The organization type with the highest response rate is the Accounting profession and auditors with 90%, while the intergovernmental organizations have the lowest rate (14%). This result is aligned with the analysis of the time to reply to the applications.

Inferential

Fisher test

fisher.test(table(job_applications_month_summary$replied, job_applications_month_summary$org_type), 
            simulate.p.value = TRUE)
## 
##  Fisher's Exact Test for Count Data with simulated p-value (based on
##  2000 replicates)
## 
## data:  table(job_applications_month_summary$replied, job_applications_month_summary$org_type)
## p-value = 0.0009995
## alternative hypothesis: two.sided

Comment

Fisher’s exact test revealed a statistically significant relationship between reply status and organization type (p = 0.0005).

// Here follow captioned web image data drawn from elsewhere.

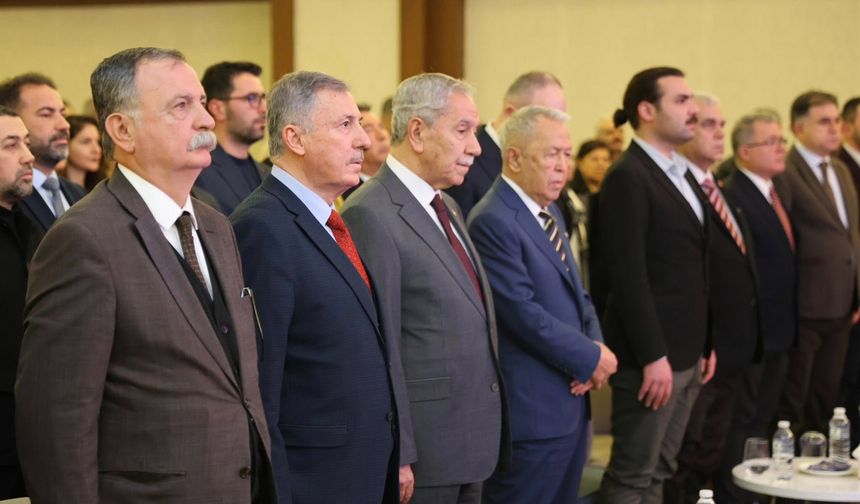 “Moris Şinasi: Görkemli İyilik” Belgeselinin Galası Manisa’da Yapıldı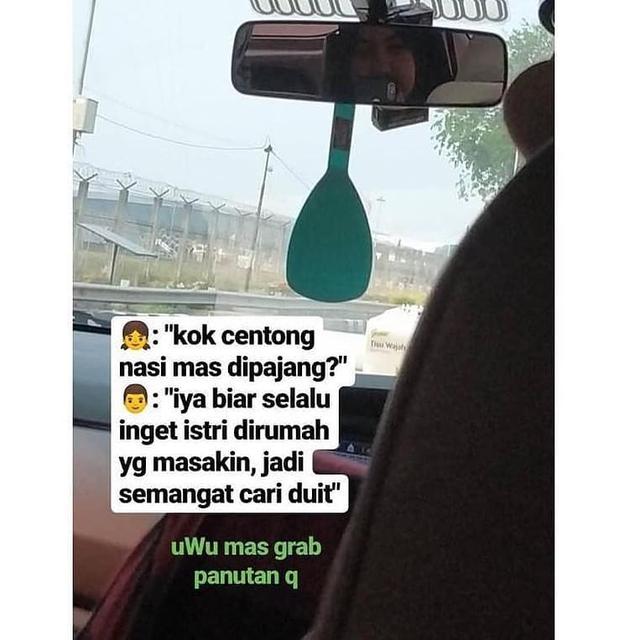 6 Potret Kocak Gantungan di Mobil Ini Nyeleneh Banget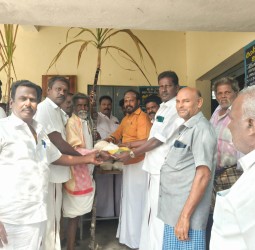 ரூபாய் 3000 ரொக்க பணத்துடன் கூடிய பொங்கல் பரிசு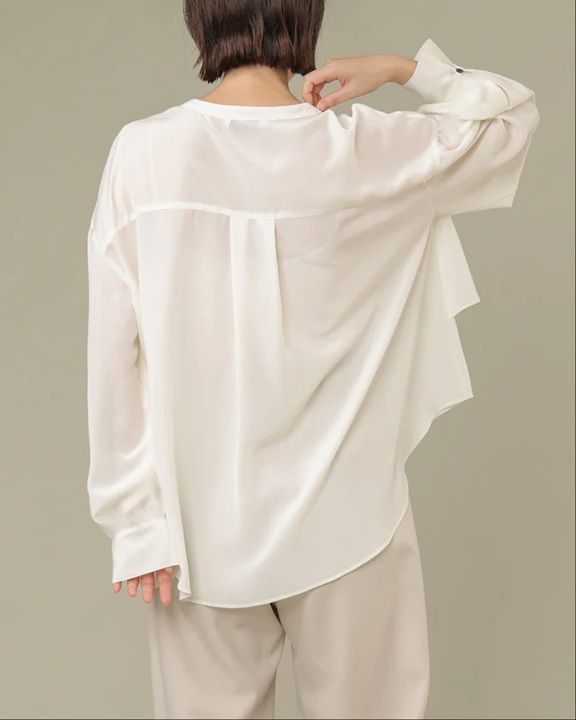 ヴィーナスデシンフラップブラウス オフホワイト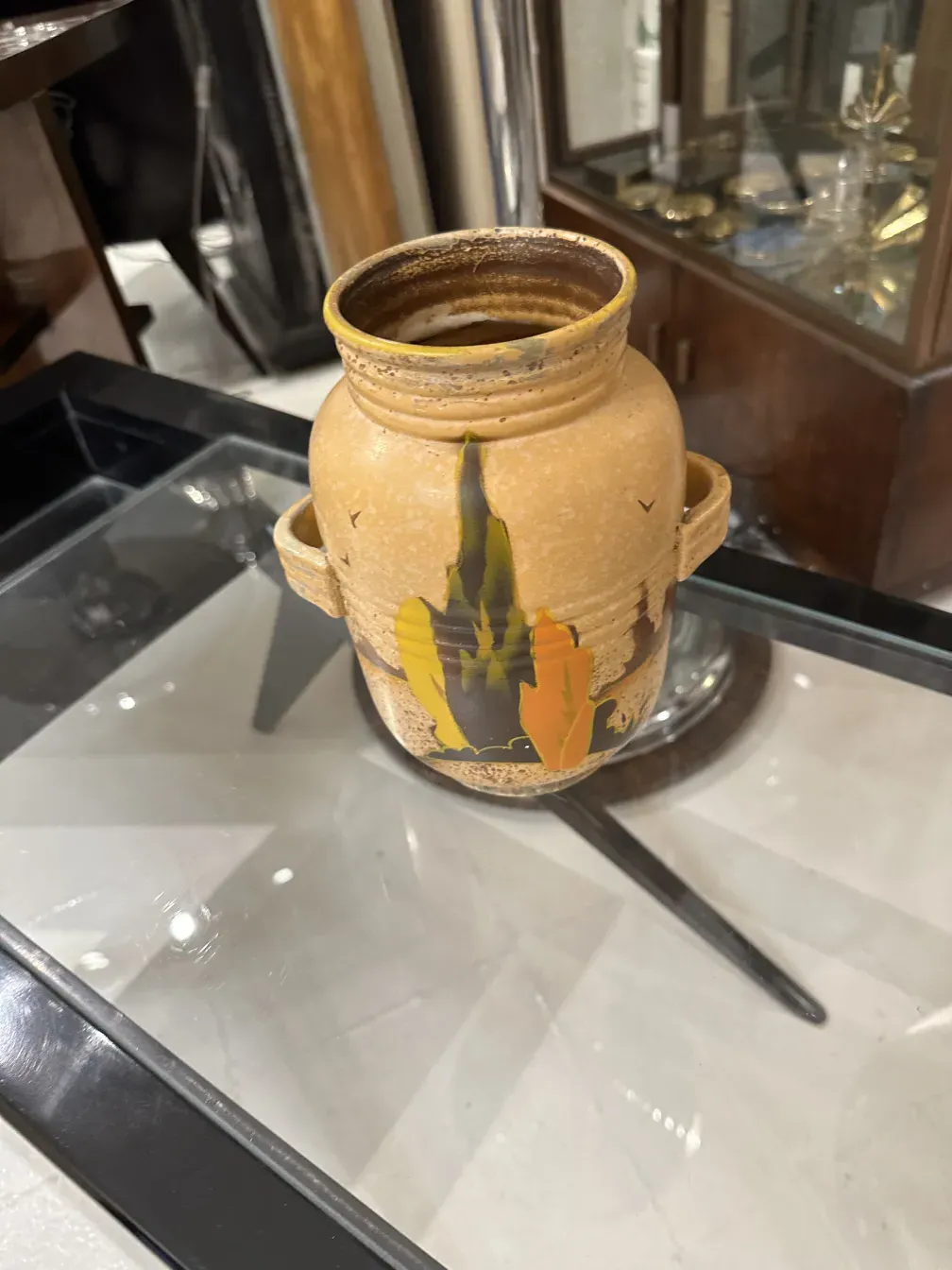 カラフルなデザインの古代陶器の壺-イングランド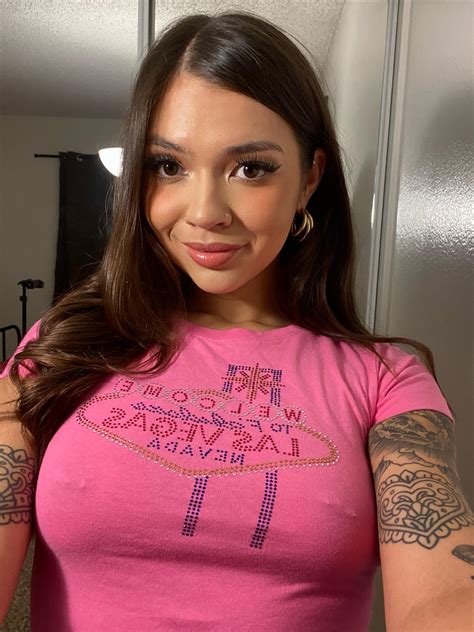 22 best r/bralessgonewild images on Pholder | Best shirt to go braless in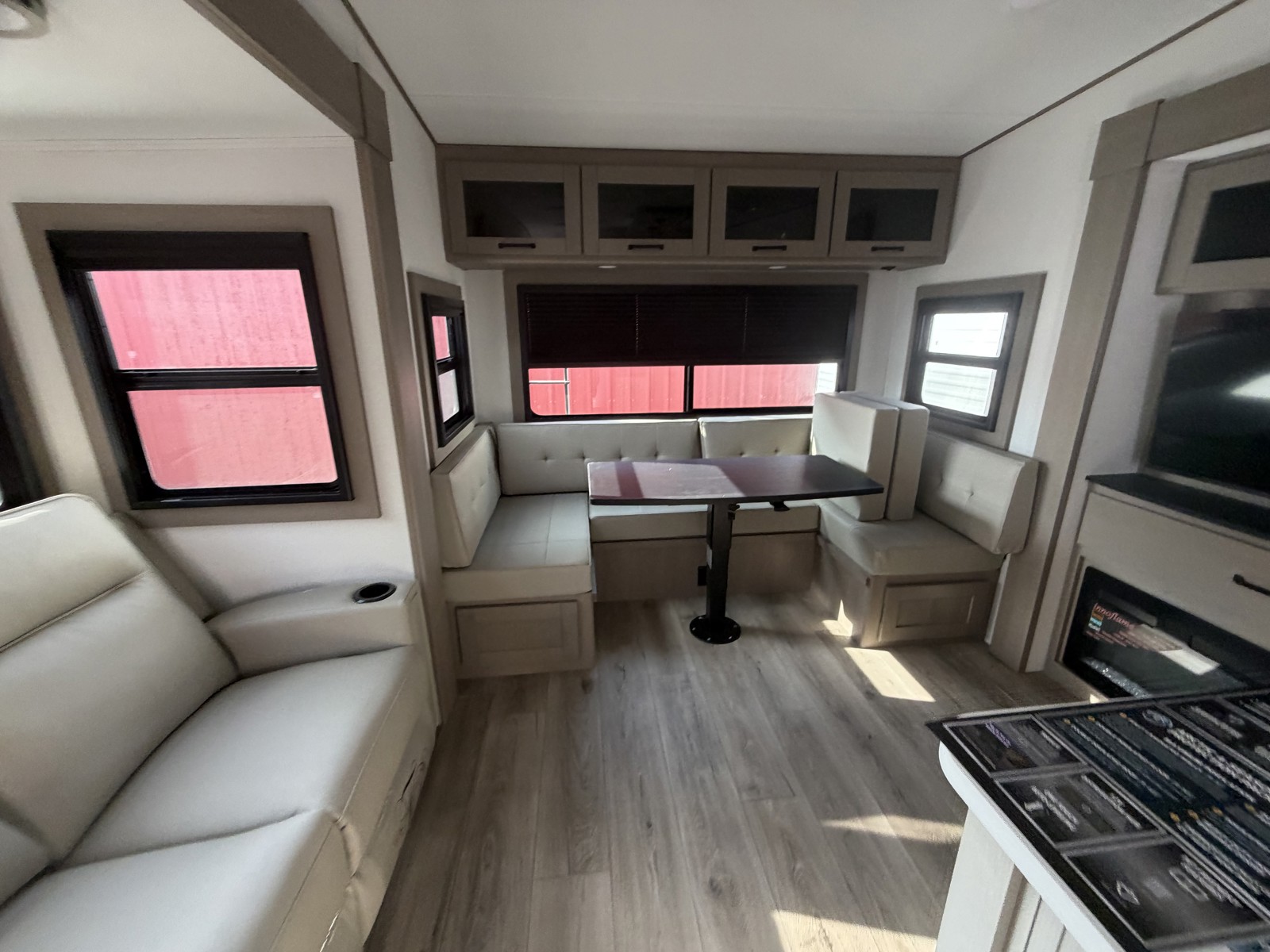 2026 GRAND DESIGN 324MBS - Image 19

This confirms that the type of organization significantly influences whether an application receives a reply. Despite the significant global result, the small group sizes for some organisation types mean these findings should be interpreted with caution.

4.8 Reply Status & Application Month

Descriptive statistics

I want to know the percentage of replies per application month.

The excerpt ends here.